Preclinical Product Candidate ABO-503 for X-linked Retinoschisis (XLRS)

ABO-503, composed of a functional human RS1 packaged in the novel AIM capsid AAV204, has shown preclinical efficacy following delivery to the retina in a mouse model of XLRS. Preclinical studies have demonstrated robust RS1 expression in the retina, improved cone photoreceptor density and overall photoreceptor cell survival, as well as a restoration of outer retina architecture.

Preclinical Product Candidate ABO-505 for Autosomal Dominant Optic Atrophy (ADOA)
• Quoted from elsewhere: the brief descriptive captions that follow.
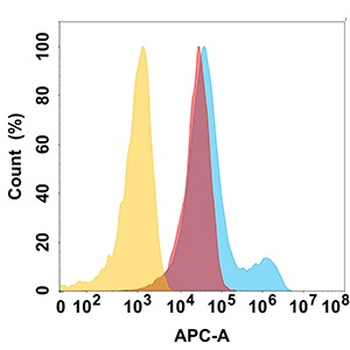 MICB Antibody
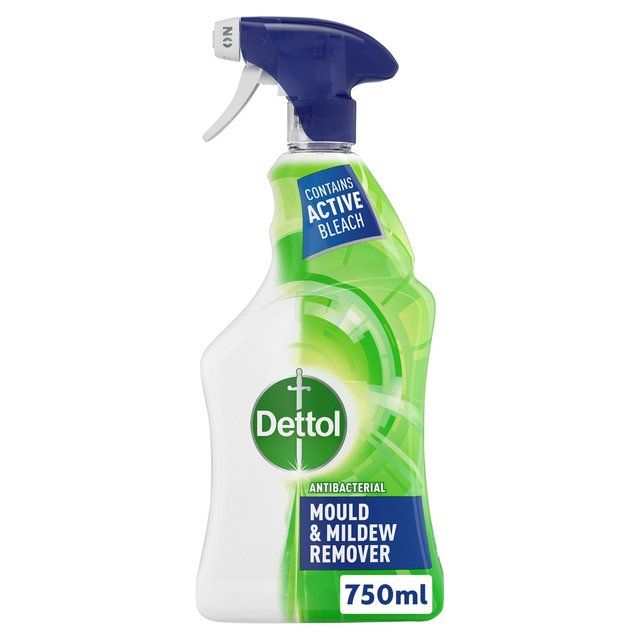 Dettol Antibacterial Mould & Mildew Remover Spray   750ml
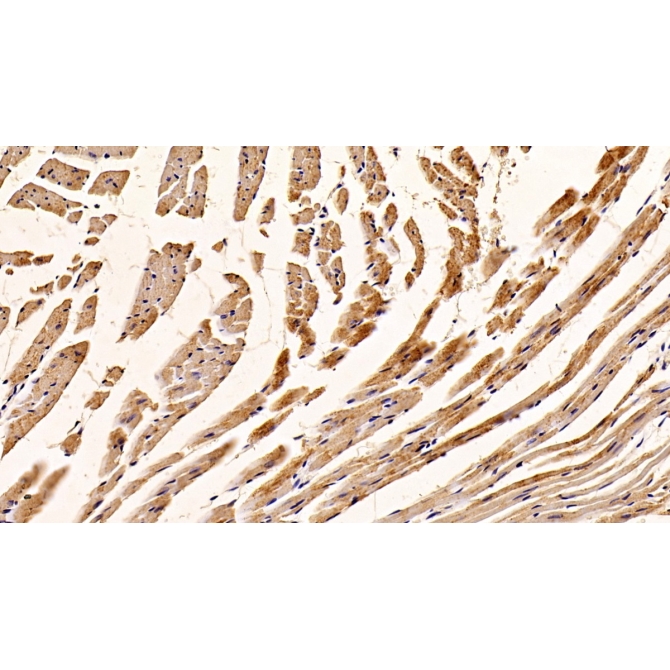 Complement component 1 Q subcomponent-binding protein, mitochondrial (C1QBP) Mouse Polyclonal Antibody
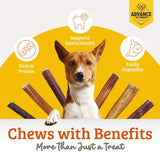 Advance Pet Products Premium 6 Inch Bully Sticks for Dogs (Pack of 5) – 100% Beef Dog Chews, Odor-Free, Long Lasting Treats for Aggressive Chewers, High Protein, Gluten & Rawhide Free, Easy to Digest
ABO-505 is designed to express a functional copy of human Opa1 in the retina following para-retinal injection. AB0-505 aims to take advantage of the robust optic nerve and retinal ganglion cell (RGC) transduction ability of AAV204 to deliver its genetic payload to the cells most affected by ADOA. Preclinical studies have confirmed expression of Opa1 in both cell culture and the retinas of dosed wild-type and disease model animals. Initial efficacy results suggest an improvement in retinal signaling to the brain, and improved visual acuity in treated mutant mice.

About Stargardt Disease

Autosomal recessive Stargardt disease, the most common form of juvenile macular degeneration with estimated incidence of 1 in 8,000 to 10,000 people1, causes vision loss in children and young adults. The most common form of Stargardt disease is caused by mutations in the ABCA4 gene, which prevent removal of toxic compounds from photoreceptor cells that results in photoreceptor cell death and progressive vision loss. There are currently no FDA approved treatments available, and to date, development of investigational gene modifying therapies has remained challenging in part due to the large size of the ABCA4 gene, which exceeds the encapsidation capacity of a single AAV vector.
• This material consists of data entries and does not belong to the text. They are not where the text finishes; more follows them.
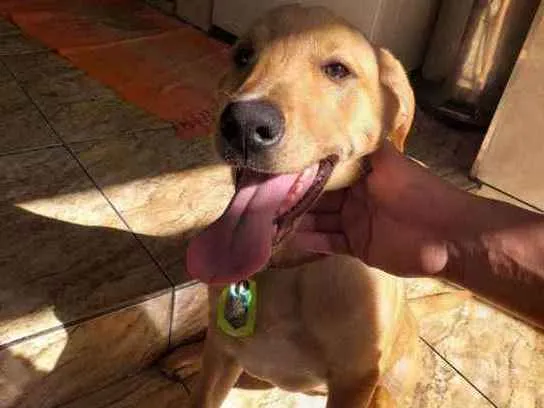 Cachorro ra a Viralata com Labrador idade 1 ano nome Polenta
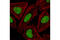 Histone H3 antibody, 5327S, Cell Signaling Technology, Immunofluorescence image 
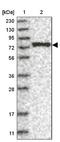 La Ribonucleoprotein Domain Family Member 7 antibody, NBP1-85083, Novus Biologicals, Western Blot image 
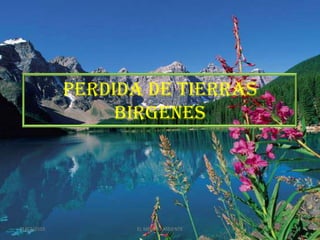 PERDIDA DE TIERRAS
                  BIRGENES




21/07/2010         EL MEDIO AMBIENTE   11
 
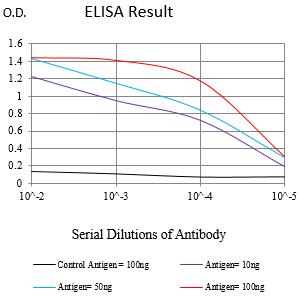 Mouse Monoclonal Antibody to VAMP2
About X-linked Retinoschisis (XLRS)

XLRS is a rare, monogenic retinal disease that results in the irreversible loss of photoreceptor cells and severe visual impairment. XLRS is caused by mutations in the RS1 protein, which is normally secreted by retinal photoreceptors and bipolar neurons and functions to mediate cell-cell adhesion. XLRS is characterized by abnormal splitting of the layers of the retina, resulting in poor visual acuity, which can progress to legal blindness. The incidence of XLRS is estimated to be between 1 in 5,000 and 1 in 20,000 in males, with an estimated prevalence of 35,000 in the United States and Europe combined.2,3 There are currently no disease modifying therapies approved for XLRS, but because the genetics of the disease are well understood, early intervention via gene therapy has significant potential to reverse or stabilize disease progression at early stages and prevent vision loss.

About Autosomal Dominant Optic Atrophy (ADOA)
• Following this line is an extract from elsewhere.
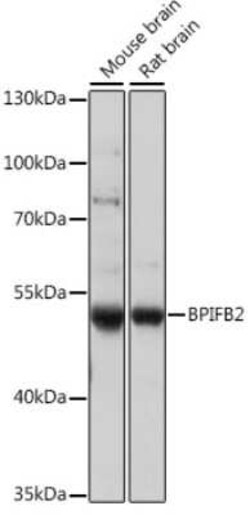 BPIL1 Antibody - Azide and BSA Free, Novus Biologicals:Antibodies:Primary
ADOA, a form of hereditary vision loss associated with RGC death, is predominantly caused by mutations in the Opa1 gene. Opa1, a dynamin-related GTPase, acts to stabilize the inner mitochondrial membrane and acts in mitochondrial fusion and inner membrane remodeling. Mutant phenotypes present with a progressive loss of RGCs that results in optic nerve degeneration and legal blindness with a loss of visual acuity, optic disc pallor, and color vision deficits. ADOA affects approximately 1 in 30,000 people worldwide.4 Currently, there is no approved treatment for people living with ADOA.

About Abeona Therapeutics

Abeona Therapeutics Inc. is a clinical-stage biopharmaceutical company developing cell and gene therapies for serious diseases. Abeonas lead clinical program is EB-101, its investigational autologous, engineered cell therapy currently in development for recessive dystrophic epidermolysis bullosa. Abeona is currently in the process of preparing a Biologics License Application (BLA) for submission to the FDA. The Companys development portfolio also features AAV-based gene therapies for ophthalmic diseases with high unmet medical need. Abeonas novel, next-generation AAV capsids are being evaluated to improve tropism profiles for a variety of devastating diseases. Abeonas fully integrated cell and gene therapy cGMP manufacturing facility produced EB-101 for the pivotal Phase 3 VIITAL study and is capable of clinical and potential commercial production of AAV-based gene therapies.